Media Market Mythology: A Look Back
While surfing in the wake of Virginia Tech’s men’s basketball wins over Miami and Duke last week, I came across a late January article by Dave of Dave Sez, noting that Boston College’s 29 January game against Villanova was only BC’s second men’s basketball sellout of the year — despite being undefeated at the time — and only its second televised game as well.
Their second sellout of the season in an arena that holds just 8,606? In a city the size of Boston (over 5 million people)? That’s disgraceful.
The ACC suits fell in love with the idea of getting the Boston TV market, but they failed to recognize that no one there cares about BC.
Exactly right. This is why Virginia Tech fans used to go absolutely bonkers hearing about ACC expansion plans, based on media markets, that didn’t include the Hokies — whether they involved BC, Syracuse, or anybody else in the Northeast corridor. We’d been to those cities, played those teams, and knew full well how much people in the Northeast, outside of Connecticut and western Pennsylvania1, cared about college sports anyway: not bloody much.
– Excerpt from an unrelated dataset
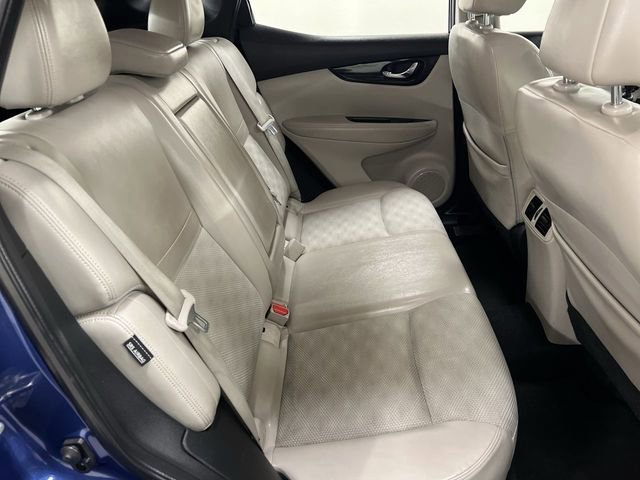 Used 2022 Nissan Rogue Sport SV w/ Technology Package image 7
The Big East was built on televsion markets: New York, Boston, Philadelphia. The SEC is located in such media strongholds as Gainesville-Ocala, Knoxville, and Birmingham-Tuscaloosa. Yet somehow the SEC is the most profitable conference in the NCAA, while the Big East couldn’t defend itself against the raiding of its two top football schools and a founding member of the conference over the summer of 2003.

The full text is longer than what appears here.